- [What you are asked to do] Go to the line that contains "this 1280×720 image." in the listing below, then output it and every line after it exactly, omitting pictures.

- [Data section]
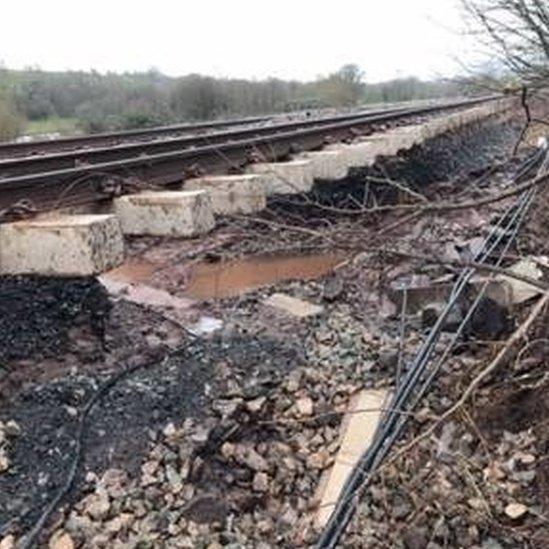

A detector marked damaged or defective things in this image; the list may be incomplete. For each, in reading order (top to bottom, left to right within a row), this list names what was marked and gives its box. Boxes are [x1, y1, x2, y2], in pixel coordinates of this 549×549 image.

broken concrete slab [113, 191, 214, 235]
broken concrete slab [183, 177, 266, 217]
broken concrete slab [247, 159, 312, 196]
broken concrete slab [296, 150, 346, 180]
broken concrete slab [0, 213, 123, 274]
broken concrete slab [264, 292, 324, 316]
broken concrete slab [312, 388, 390, 528]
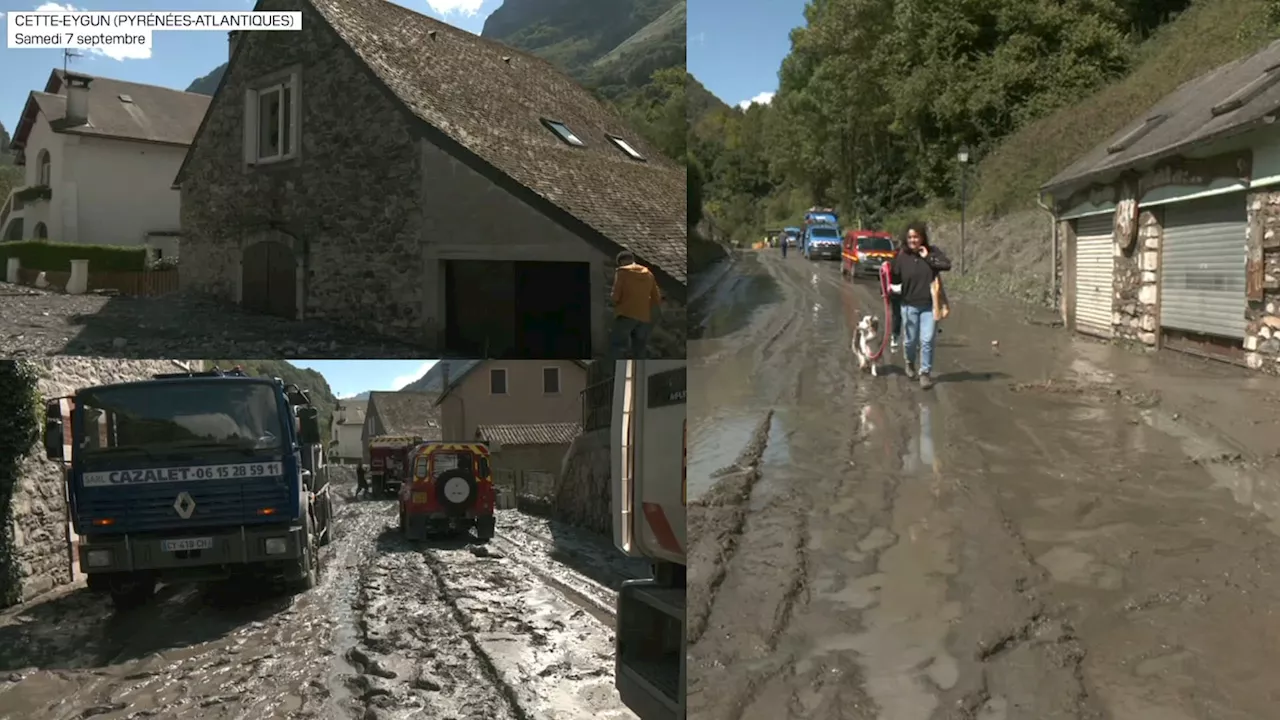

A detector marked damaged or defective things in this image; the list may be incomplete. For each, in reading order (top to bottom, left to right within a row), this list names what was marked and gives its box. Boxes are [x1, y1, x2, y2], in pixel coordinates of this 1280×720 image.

flood damage [0, 496, 636, 720]
flood damage [688, 252, 1280, 720]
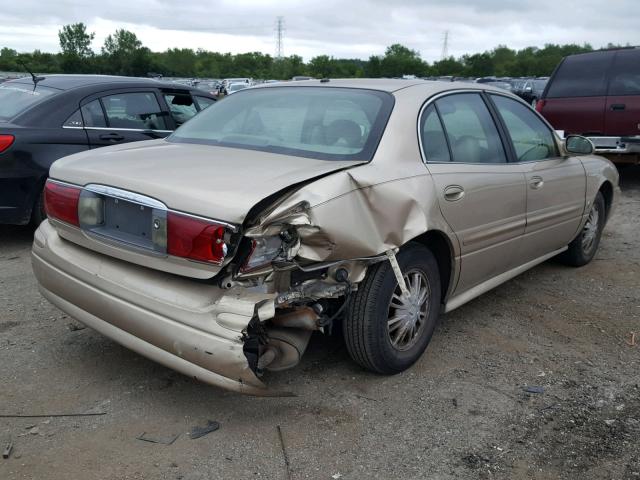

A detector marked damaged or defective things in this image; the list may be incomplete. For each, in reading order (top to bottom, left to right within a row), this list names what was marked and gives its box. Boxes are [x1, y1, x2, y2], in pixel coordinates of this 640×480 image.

broken tail light [44, 180, 81, 227]
broken tail light [168, 213, 228, 264]
damaged beige sedan [31, 79, 620, 394]
exposed wheel well [408, 230, 452, 304]
exposed wheel well [600, 181, 616, 220]
crumpled bumper [30, 220, 280, 394]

- [Solution for this problem]
A detector marked damaged or defective things in this image; the list may be incomplete. For each, in reading order (top to bottom, left to right within a row), this list names what was marked and gives its box. Boxes are [x1, y1, x2, y2], in pixel coordinates of this 1280×720 image.

flood damage [0, 496, 636, 720]
flood damage [688, 252, 1280, 720]

A detector marked damaged or defective things in this image; the list may be incomplete. For each, in reading order (top to bottom, left to right within a row), this list names what was marked and gives its box. Boxes are [x1, y1, x2, y2], in pixel coordinates of this 640×480 image.

broken tail light [44, 180, 81, 227]
broken tail light [168, 213, 228, 264]
damaged beige sedan [31, 79, 620, 394]
exposed wheel well [408, 230, 452, 304]
exposed wheel well [600, 181, 616, 220]
crumpled bumper [30, 220, 280, 394]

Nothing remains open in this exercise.